The idea behind Eagle Bancorp and ECB Bancorp pairs trading is to make the combined position market-neutral, meaning the overall market's direction will not affect its win or loss (or potential downside or upside). This can be achieved by designing a pairs trade with two highly correlated stocks or equities that operate in a similar space or sector, making it possible to obtain profits through simple and relatively low-risk investment.

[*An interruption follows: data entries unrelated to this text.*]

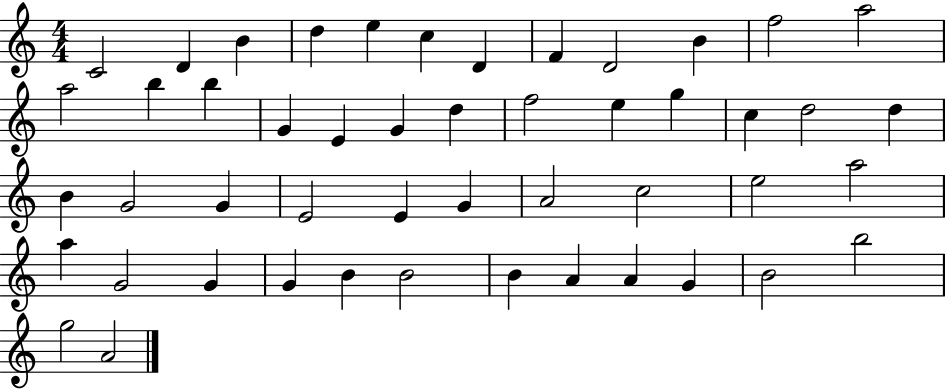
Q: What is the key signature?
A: C major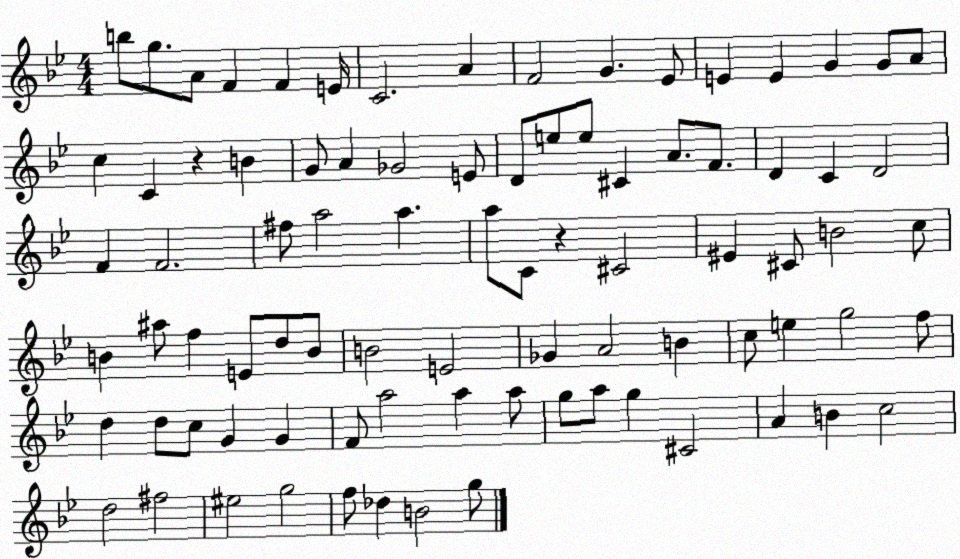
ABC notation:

X:1
T:Untitled
M:4/4
L:1/4
K:Bb
b/2 g/2 A/2 F F E/4 C2 A F2 G _E/2 E E G G/2 A/2 c C z B G/2 A _G2 E/2 D/2 e/2 e/2 ^C A/2 F/2 D C D2 F F2 ^f/2 a2 a a/2 C/2 z ^C2 ^E ^C/2 B2 c/2 B ^a/2 f E/2 d/2 B/2 B2 E2 _G A2 B c/2 e g2 f/2 d d/2 c/2 G G F/2 a2 a a/2 g/2 a/2 g ^C2 A B c2 d2 ^f2 ^e2 g2 f/2 _d B2 g/2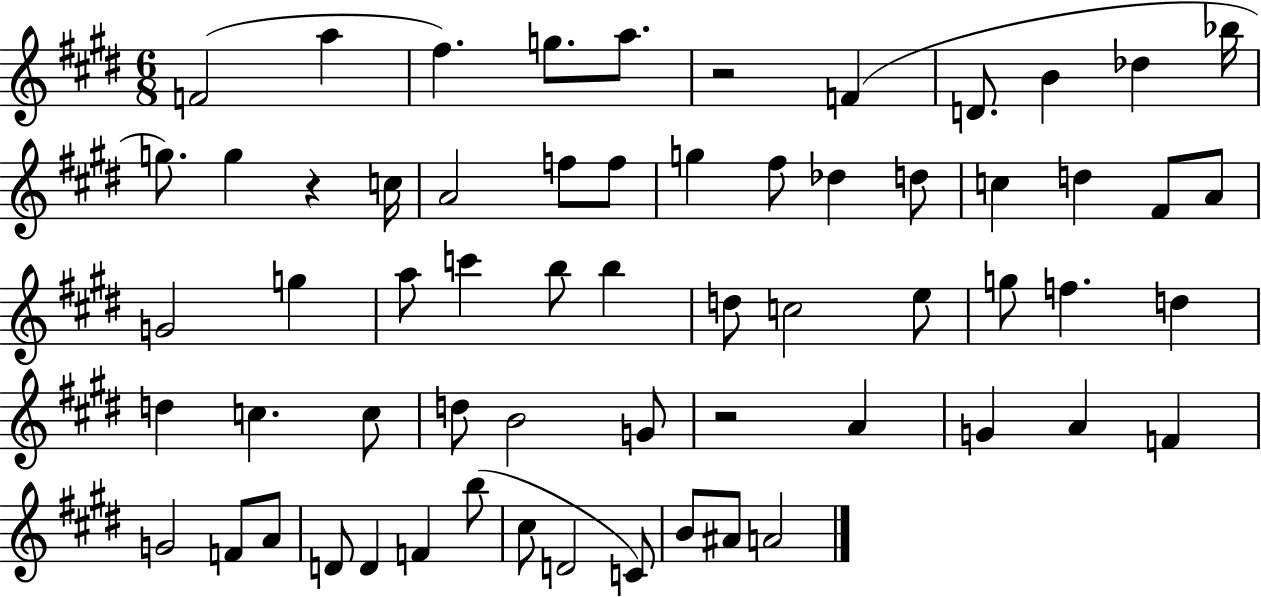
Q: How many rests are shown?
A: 3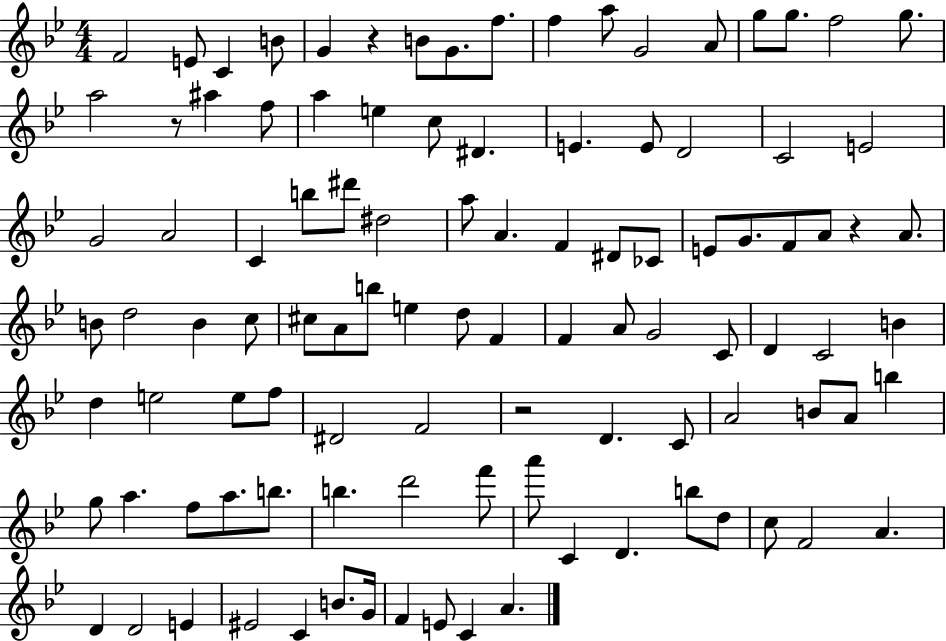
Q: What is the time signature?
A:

Check out your portfolio center.
Note that this page's information should be used as a complementary analysis to find the right mix of equity instruments to add to your existing portfolios or create a brand new portfolio. You can also try the Idea Analyzer module to analyze all characteristics, volatility and risk-adjusted return of Macroaxis ideas.

Other Complementary Tools

Portfolio Analyzer
Portfolio analysis module that provides access to portfolio diagnostics and optimization engine
Crypto Correlations
Use cryptocurrency correlation module to diversify your cryptocurrency portfolio across multiple coins
Portfolio Dashboard
Portfolio dashboard that provides centralized access to all your investments
Stock Tickers
Use high-impact, comprehensive, and customizable stock tickers that can be easily integrated to any websites
Sync Your Broker
Sync your existing holdings, watchlists, positions or portfolios from thousands of online brokerage services, banks, investment account aggregators and robo-advisors.